ACTION ITEM:
Below are entries with pictures in them. Output exactly the lines starting at the line with "Special Reminder Cream Chenille Sweater" and ending at the line with "(Janus, Green) Rebo", both included, but not the pictures.

RECORDS PROVIDED:
----

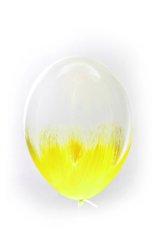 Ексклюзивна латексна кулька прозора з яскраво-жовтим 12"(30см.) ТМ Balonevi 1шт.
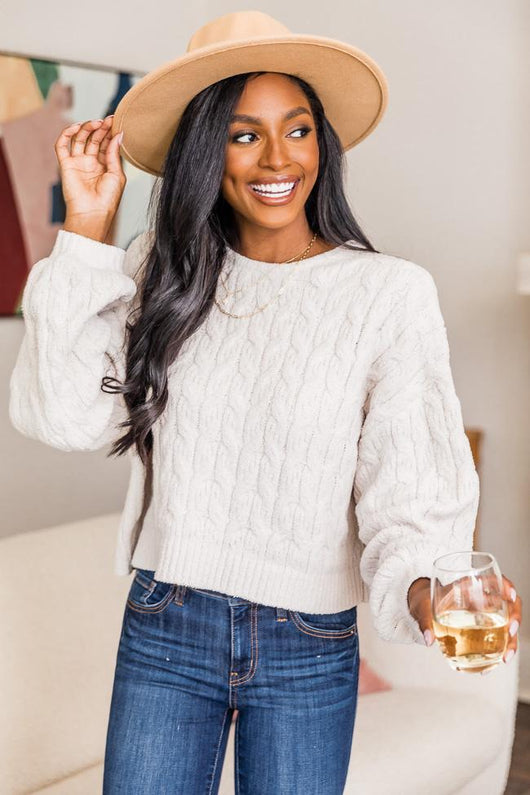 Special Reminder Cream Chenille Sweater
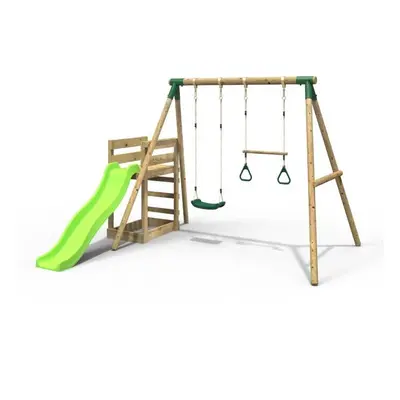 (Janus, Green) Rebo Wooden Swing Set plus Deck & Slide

----

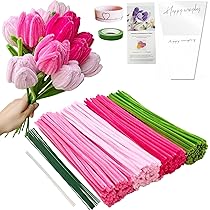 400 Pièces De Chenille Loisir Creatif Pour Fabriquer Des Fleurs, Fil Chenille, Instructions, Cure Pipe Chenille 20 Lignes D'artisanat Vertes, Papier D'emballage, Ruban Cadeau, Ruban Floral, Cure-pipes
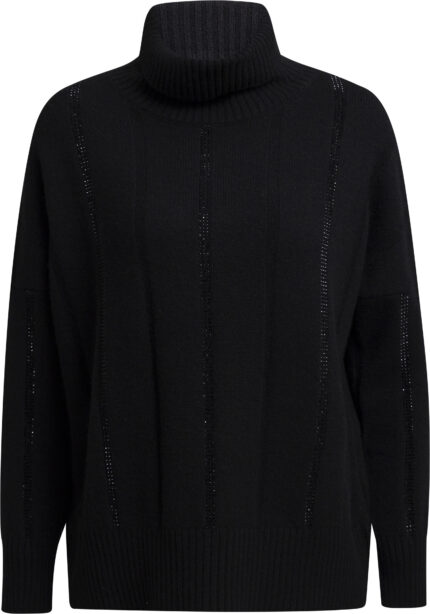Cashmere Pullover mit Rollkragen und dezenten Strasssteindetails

----

COMPLETED TASK:
 Special Reminder Cream Chenille Sweater
 (Janus, Green) Rebo Wooden Swing Set plus Deck & Slide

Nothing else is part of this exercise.